- Task
Below are records; from the line containing "Kartal Atalar 'da Geniş m² 3+1 Satılık Daire" through the very last line, output each line exactly. No pictures.

- Material for this task

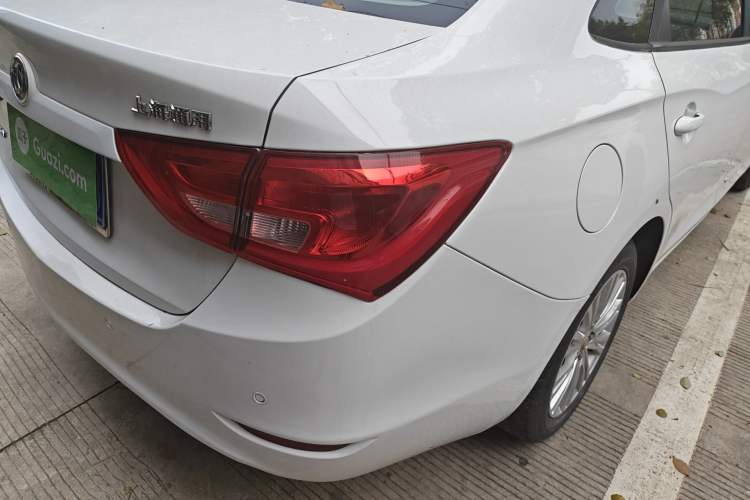 Used Buick GT 2015 15N Automatic Elite Version Right Rear Taillight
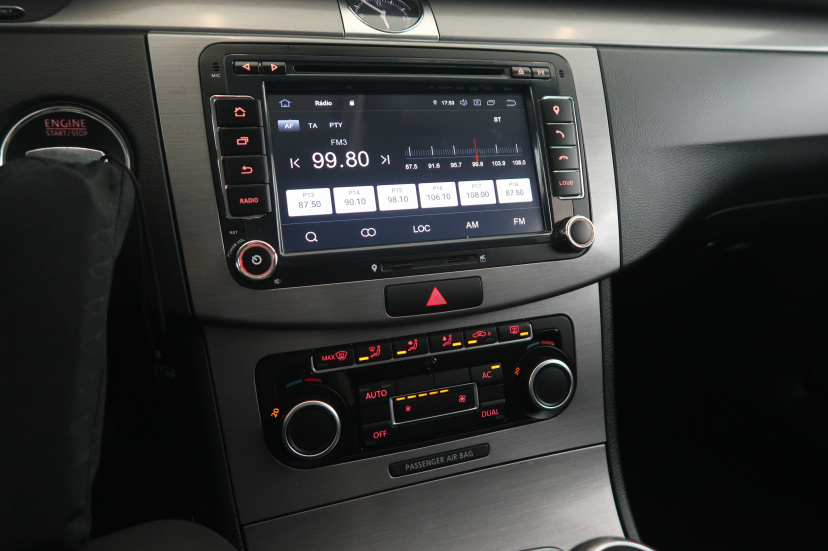Volkswagen Passat, 2011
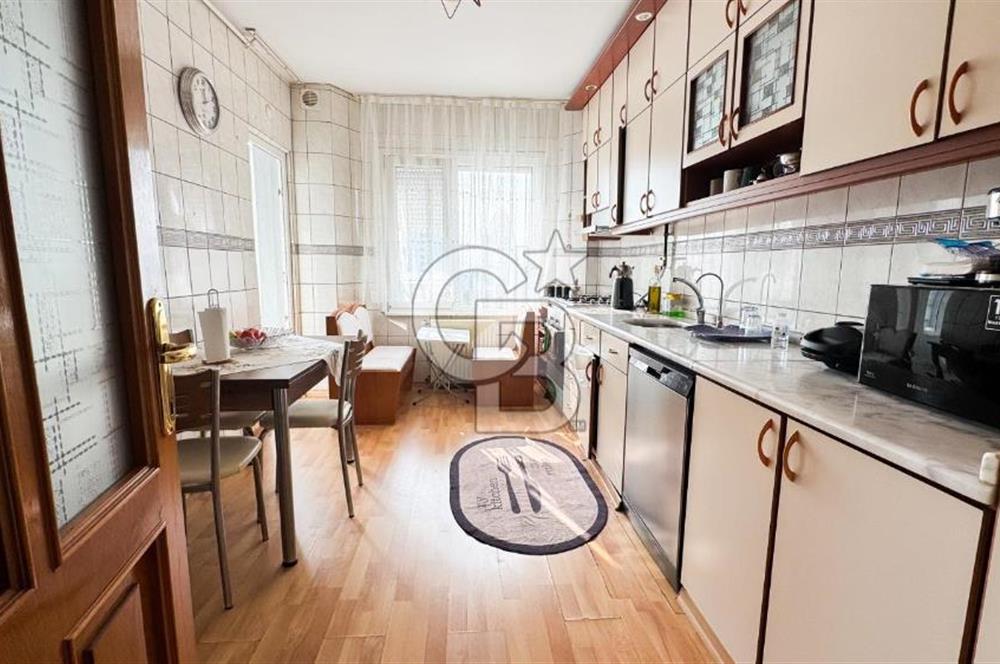 Kartal Atalar 'da Geniş m² 3+1 Satılık Daire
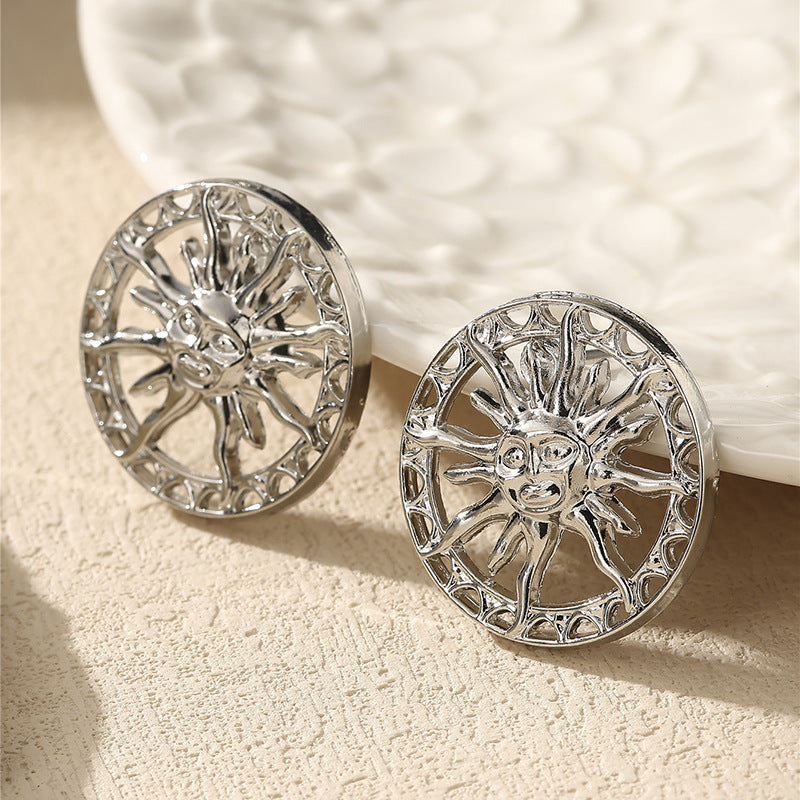 Geometric Round Sun Goddess Alloy Daily Commuter Earrings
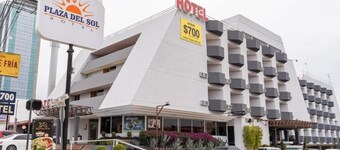 hotel plaza del sol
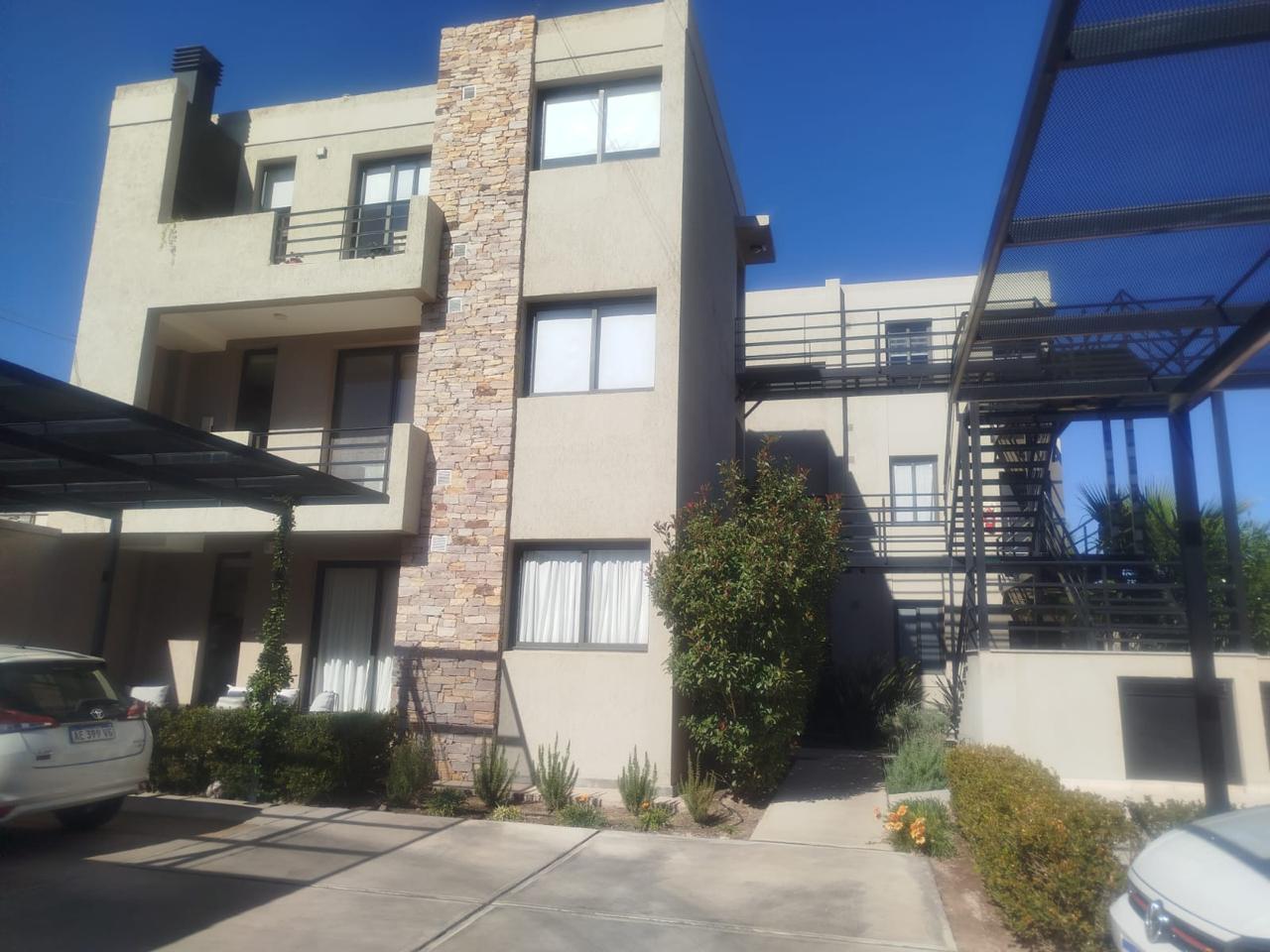 Departamento en Alquiler - Frente a Dalvian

- Answer to the problem
 Kartal Atalar 'da Geniş m² 3+1 Satılık Daire
 Geometric Round Sun Goddess Alloy Daily Commuter Earrings
 hotel plaza del sol
 Departamento en Alquiler - Frente a Dalvian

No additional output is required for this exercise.